There's still only one world that counts
I've just finished reading Edward Castronova's Synthetic Worlds (2006), which is something I probably ought to have done some time ago. Reading it seven years after its publication, however, reminded me that synthetic worlds — notably Second Life — seemed like big news in the computer community at around the time that Castronova was writing. I remember being told that major companies were opening stores in Second Life, luminaries were holding press conferences there, entrepeneurs were making money there, and that anyone who was anyone would shortly be living, at least in part, in a synthetic world. Yet I don't hear much about Second Life or any similar world anymore.
The worlds themselves are still there and, presumably, making a living for the companies that develop them. But neither the media nor the conversations in which I'm involved have much to do with them. Was I, in 2006, hanging around a bunch of starry-eyed gamers unaware that not everyone was interested in their hobby?

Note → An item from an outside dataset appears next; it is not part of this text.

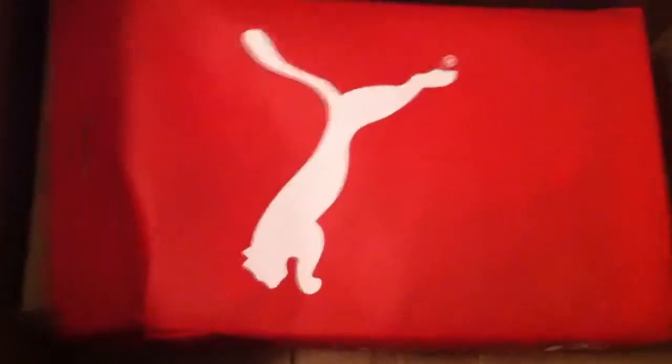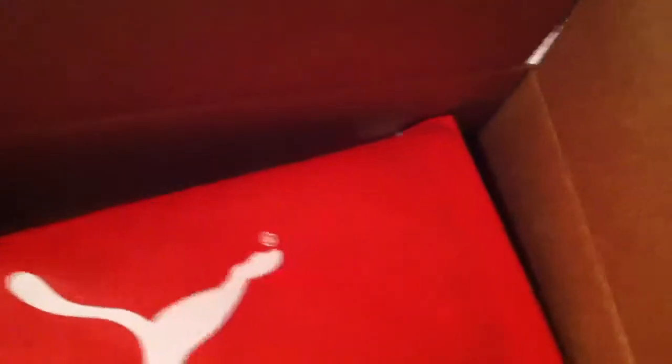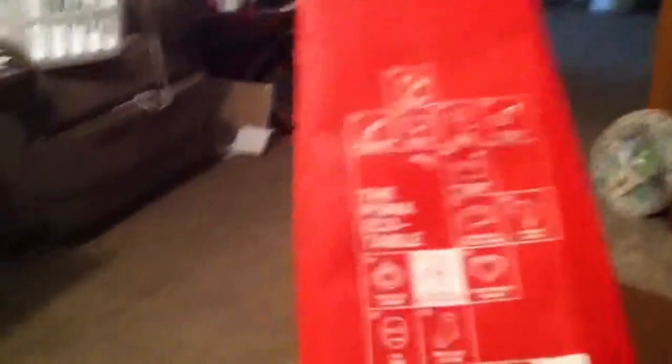There we go — that's what comes inside the box. It's a nice little bag, it's called the 'Clever Little Bag.' It's got a Puma logo on the front, Puma on the back, and the Puma eco table info. You guys can check one of those out if you're getting a pair of Pumas — which I would assume is why you're watching this video.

Is the media still not taking computer games seriously, as Castronova suggests in his introduction to Part II? Has everyone disappeared into a synthetic world, leaving me wandering alone on the outside?
In both the mainstream media and in conversations of which I'm a part, the giants of the computer industry aren't synthetic worlds of the kind that Castronova wrote about, but web-based tools like Facebook, Twitter and Google. And, to go by the numbers, rightly so: according to Statistic Brain, Facebook has over 1100 million accounts, Twitter has over 550 million accounts, and Google responds to over 5000 million searches per day. The largest synthetic world, World of Warcraft, had a comparatively measly 12 million subscribers at its height.

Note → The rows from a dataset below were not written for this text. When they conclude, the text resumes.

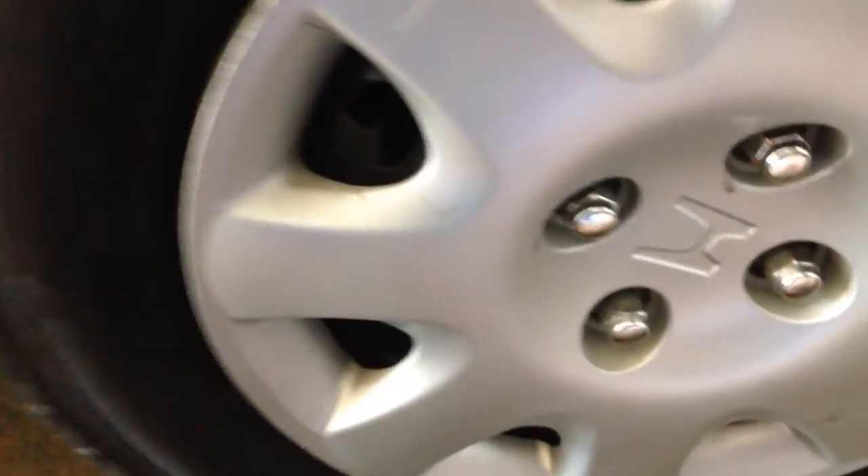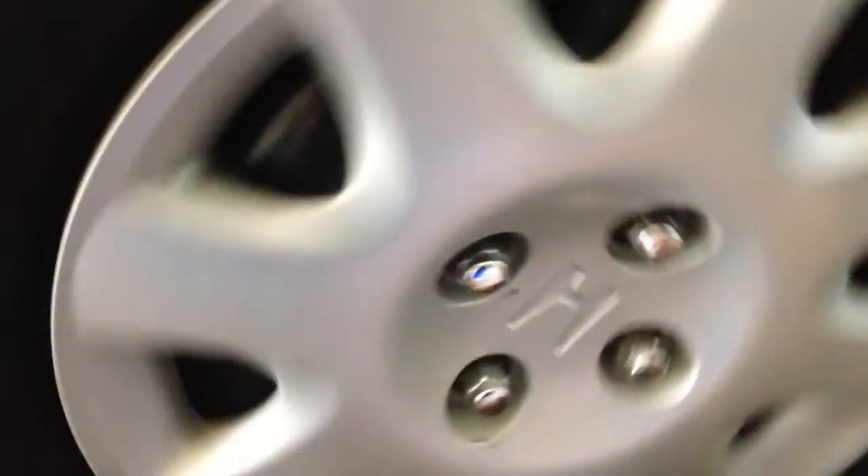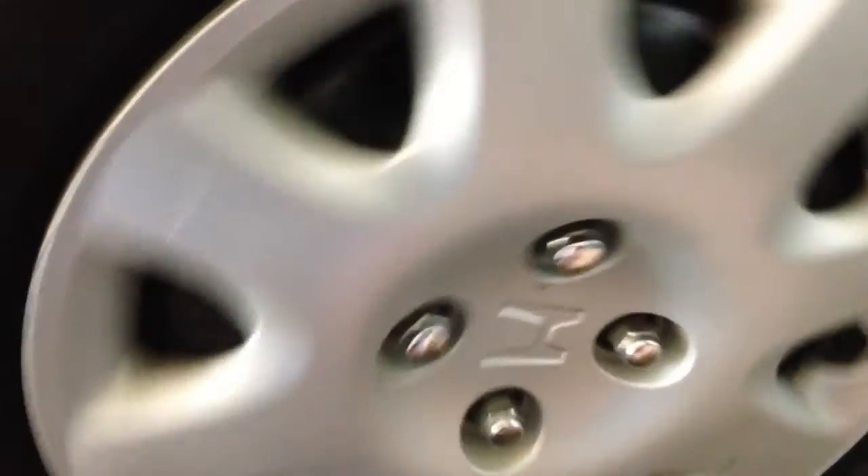This is just to show you how much the wheel is spinning whenever I turn it with my hand before the brakes stop it, and another sound of the squeak.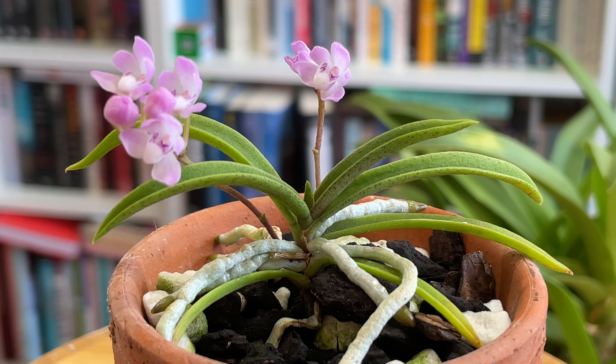Every time I've read about Sarcochilus ceciliae — named after Cecilia von Massaic, a great orchid collector — people say it is very hard to keep alive, very tricky. So I'm thrilled and delighted that it's flowered. This to me is a seedling, so it's not huge, but as we can see from the hartmannii cousin, they can form quite vigorous specimens and clumps. I was hesitant, but I bought this on eBay and it arrived in this terracotta pot, which filled my heart with joy.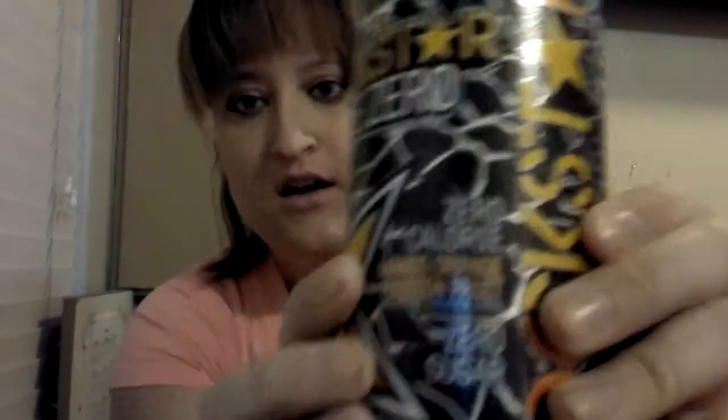Hi everyone, good morning. Hope y'all are doing really good. We're back today doing another Rockstar energy drink. Today we are doing the Rockstar Pure Zero. We've got a flavored one for you today — this one is Mango Orange Passion Fruit.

If there are synthetic worlds to which humanity is migrating, as Castronova puts it, they're surely Facebook and Twitter. The home pages of Second Life and World of Warcraft themselves sport those ubiquitous offers to "like" them on Facebook and follow them on Twitter.
I can think of several possible explanations. Firstly, Facebook and Twitter are free, where the synthetic worlds studied by Castronova ask for subscriptions. Secondly, the user base of game-like synthetic worlds is fragmented into numerous followers of different worlds, while Facebook and Twitter completely dominate their markets.

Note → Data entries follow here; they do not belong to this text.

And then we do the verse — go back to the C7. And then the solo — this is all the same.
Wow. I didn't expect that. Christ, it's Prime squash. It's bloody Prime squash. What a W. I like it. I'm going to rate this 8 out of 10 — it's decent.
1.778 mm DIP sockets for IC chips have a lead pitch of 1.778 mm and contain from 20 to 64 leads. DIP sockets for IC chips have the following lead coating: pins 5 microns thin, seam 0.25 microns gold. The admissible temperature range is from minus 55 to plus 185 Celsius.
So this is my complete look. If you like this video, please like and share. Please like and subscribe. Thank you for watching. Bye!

Lastly, though, I wonder if synthetic worlds have themselves met the fate of virtual reality identified in the appendix to Castronova's book. As Castronova has it, the researchers behind virtual reality originally supposed that virtual worlds would be created by completely immersing the users' senses in computer-generated stimuli. But it turns out that relatively crude representations of characters and landscapes on an ordinary computer are good enough to keep users' minds in a synthetic world. But maybe most of us don't even need those crude representations, at least not most of the time: our needs are adequately met by augmenting the real world with web profiles and instant messaging. After all, it's the one world from which we cannot migrate.